David Chivers, [AP in macro at Durham University], wrote today:
We can debate just where the electorate agree on post Brexit plans. But they surely do not agree with all of them. Not least because they are not consistent with each other.
This leads us to the natural observation that an additional barrier for Lexiters and Brexiters is each other. Lexiters seek a trajectory to socialism. Right wing Brexiters – as well as former centrist Remainers – will oppose that vehemently. They are split amongst themselves, of course: one lot focused on the ideological paraphernalia of nationalism, the other on a rather hazily and abstractly sketched ideology of deregulation and free markets.

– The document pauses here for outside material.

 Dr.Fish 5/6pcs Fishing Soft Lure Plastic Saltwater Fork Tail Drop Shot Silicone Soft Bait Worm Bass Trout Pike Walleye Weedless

Neither side seems to fear the strategic success of the other in the post Brexit world. As a glance at the variation in state size, tax rates, public service quality, across the EU will reveal, the EU permits quite a lot of different compacts with a country’s people. But it does provide a certain anchor, or insurance against the extremes of socialist interventionism and deregulation. [Just how effective that insurance is we are seeing tested in Italy, Hungary and Poland.]
Lexiters and right-wing Brexiters rightly see Brexit as a necessary step toward their goals. But often communicate as though they are deluded about its sufficiency.

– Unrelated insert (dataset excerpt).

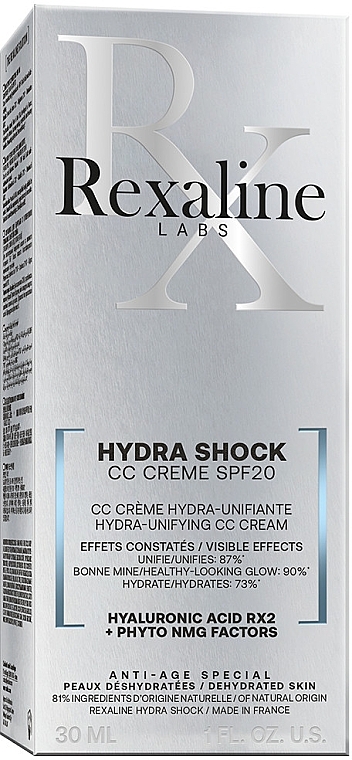 Feuchtigkeitsspendende, verjüngende und getönte Tagescreme mit Argireline, Pigmentpartikeln, Rotalgen und Wüstenrose - Rexaline Hydra 3D Hydra-Divine SPF20 — Bild N2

If you think we would be better off remaining in the EU, precisely because of the institutional anchor it provides, one might draw comfort from the fact that in a post Brexit world, there is some hope that the many leave forces – Lexiters, nationalist and libertarian Brexiters – will cancel each others’ efforts out, each dragging the country a little way, ineffectually one way, before another gets a turn and reverse course, allowing the average policy combination to remain roughly where it is.